Masih banyak nilai dari kebudayaan melayu yang begitu indah dan harmonis yakni seperti yang dikatan Hamdani (2004 : 44-46) kebudayaan melayu itu mempunyai nilai-nilai luhur, nilai luhur itu adalah : Nilai Gotong Royong, Nilai Taat Pada Hukum (law enfeorement), Nilai Keterbukaan, Nilai Adil Dan Benar, Nilai Musyawarah dan Mufakat.
Upaya mengangkat orang melayu dan budaya melayu ketarap yang lebih terhormat, hendaknya menjadi salah satu sasaran pembangunan di Bumi Lancang Kuning. Dan menjadikan dasar pembangunan provinsi Riau, di mana pembangunan yang berbasis keislaman dan tetap bercirikan budaya melayu. kegiatan pembangunan di Provinsi Riau hendaknya mengacu kepada suatu pembangunan yang dirancang secara baik dan mampu memberikan pengayoman kepada semua komponen masyarakat dan tetap memelihara serta menumbuh kembangkan budaya melayu yang islami. Artinya pembangunan yang dilaksanakan bernuansa pembangunan yang berbasiskan kerakyatan, dan harus dilakukan oleh pemerintah provinsi Riau bersama-sama masyarakat itu sendiri. Mengapa hal ini harus dilakukan, karena ada statemen yang menyatakan bahwa masyarakat dikawasan ini pada umumnya berbudaya melayu dan melayu itu adalah islam.
Selain dari pada itu ada hal yang tidak kalah pentingnya untuk diperhatikan dalam membangun Provinsi Riau sebagai pusat kebudayaan melayu, yakni yang perlu diperhatikan itu adalah pilar pembangunan kebudayaan.

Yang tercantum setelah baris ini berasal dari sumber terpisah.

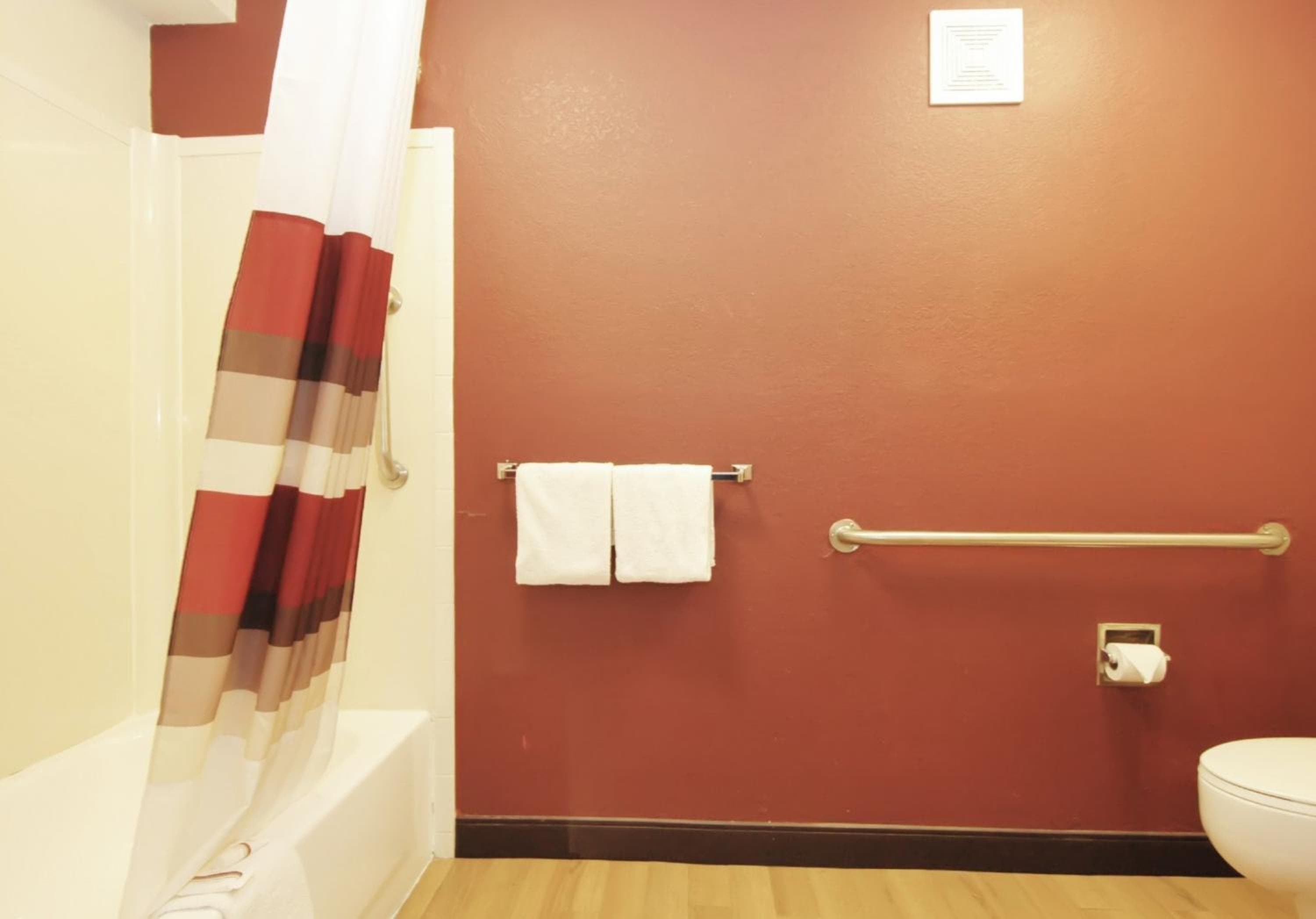 Red Roof Inn PLUS Chicago - Hoffman Estates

Ada lima pilar pembangunan kebudayaan yang harus dijalankan secara bersama dengan peran aktif serta partisipasi adapun lima pilar pembangunan kebudayaan itu adalah : Pemerintah, Seniman/senimwati yang berdedikasi, Dunia swasta yang memberikan donasi, Media, dan Masyarakat Partisipasi.